We found a beautiful theater. It was the brand-new, barely used auditorium of The Princeton Day School, a tony private school ten minutes outside of town. The school’s administrators were proud as pink of their new facility, flattered by our interest, and tickled by the notion of presenting plays to the public on their remote campus. With a heedless naïveté that I am sure they have never displayed since, they put the space at our disposal as summer tenants. On our first trip out to the school, we passed a signpost en route. The signpost bore the name of the country lane where the school was located. It was called “The Great Road.” As we drove back into town a few hours later, flushed with success, we had both a home for our new company and a name. We dubbed it The Great Road Players.

A recent graduate of Columbia, Paul was one of a vital group of recent Columbia alumni whose adventures in college theater had closely paralleled my own. Outside of the protective cocoon of academia, he had barely dipped his toe in professional New York theater. He and his Columbia pals had attached themselves to various avant garde troupes in downtown Manhattan. They had also joined a class in Shakespeare performance led by a charismatic English émigré whom I’ll call Tony Boyd. Paul and I intended to form our company by recruiting an equal number of fellow actors from the Harvard and Columbia theater communities. So I traveled down to New York one weekend to confer with him and meet all of his Columbia friends. During the visit, I even visited Mr. Boyd’s Shakespeare class and watched them all at work. As actors they were a completely different species from me and my Harvard gang—impulsive, improvisational, and barely disciplined. But their talent was obvious, I liked them all, and I persuaded myself that our differences would lead to exciting work onstage.

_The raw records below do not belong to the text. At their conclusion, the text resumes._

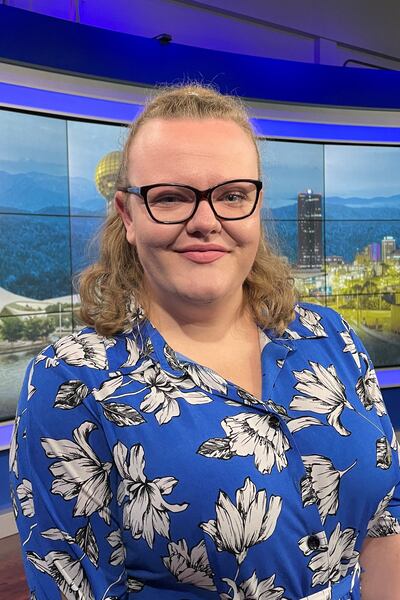 Kelly Ann Krueger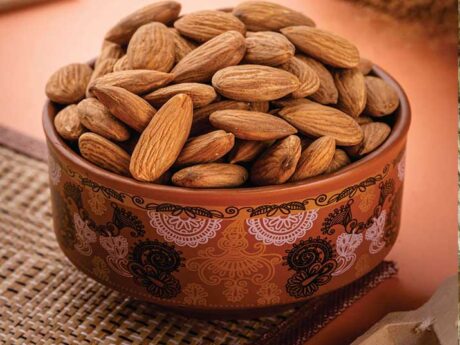 Almond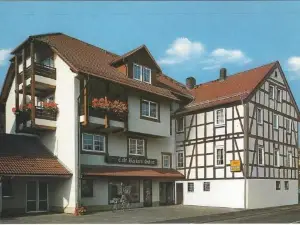 Pension Selzer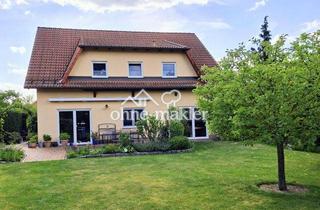 Einfamilienhaus kaufen in 14612 Falkensee, Großzügiges Einfamilienhaus in zentraler und ruhiger Lage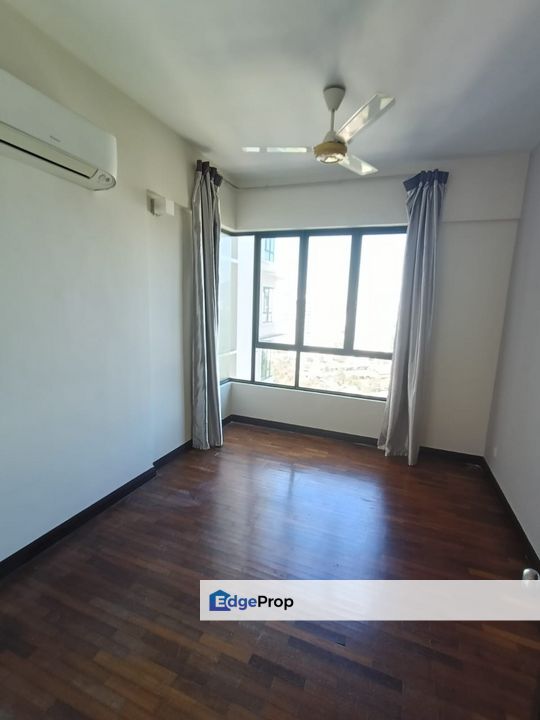 Nadia Parkfront for rent, Kuala Lumpur, Desa Parkcity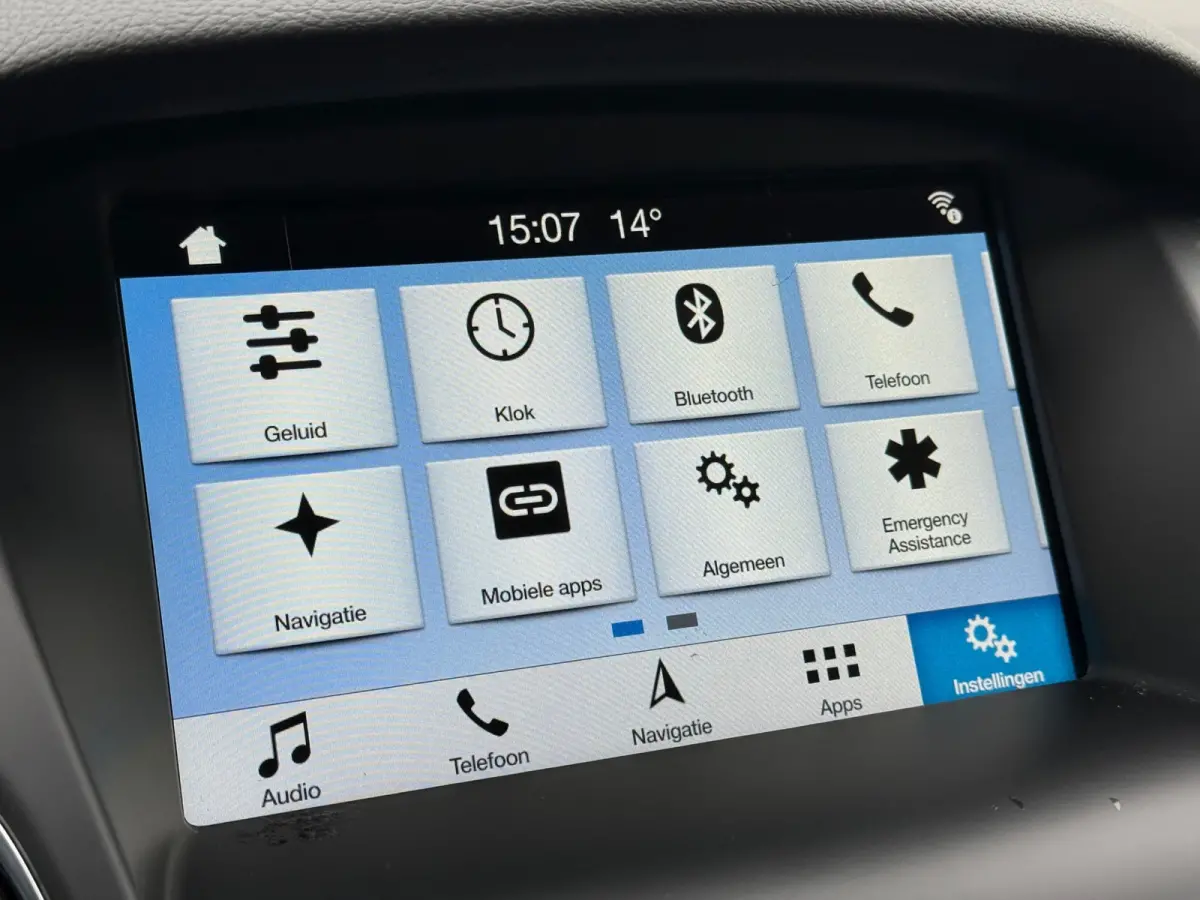 1.0 Lease Edition D-RiemVV,Airco,Navi,Camera,Cruise,PDC,Bleutooth,ISOFIX,N.A.P!Apk tot 11-05-2026!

Paul and I picked a slate of four plays derived from work that both of us had already done. Our plan was to follow the model of my dad’s old Shakespeare festivals—to open one production at a time, then to perform them all in rotating repertory, offering subscription tickets to the public. The titles were an arty, eclectic mix, and extremely challenging for a young company. Ominously, they were even more challenging for a pool of Princeton theatergoers looking for light summer fare. Paul was to kick things off by directing
Woyzeck
(the Büchner play that I myself would direct the following year at Harvard). As a curtain-raiser to that gruesome tale, we would also stage an absurdist take on T. S. Eliot’s dialogue poem “Sweeney Agonistes.” I would follow with an evening of Molière one-act farces (including
The Forced Marriage
, which I’d already done twice). The third offering was perhaps our only safe choice (though hardly a piece of cake), Shakespeare’s
Twelfth Night
. I honestly cannot remember what the fourth show was intended to be. It doesn’t really matter. We never got that far.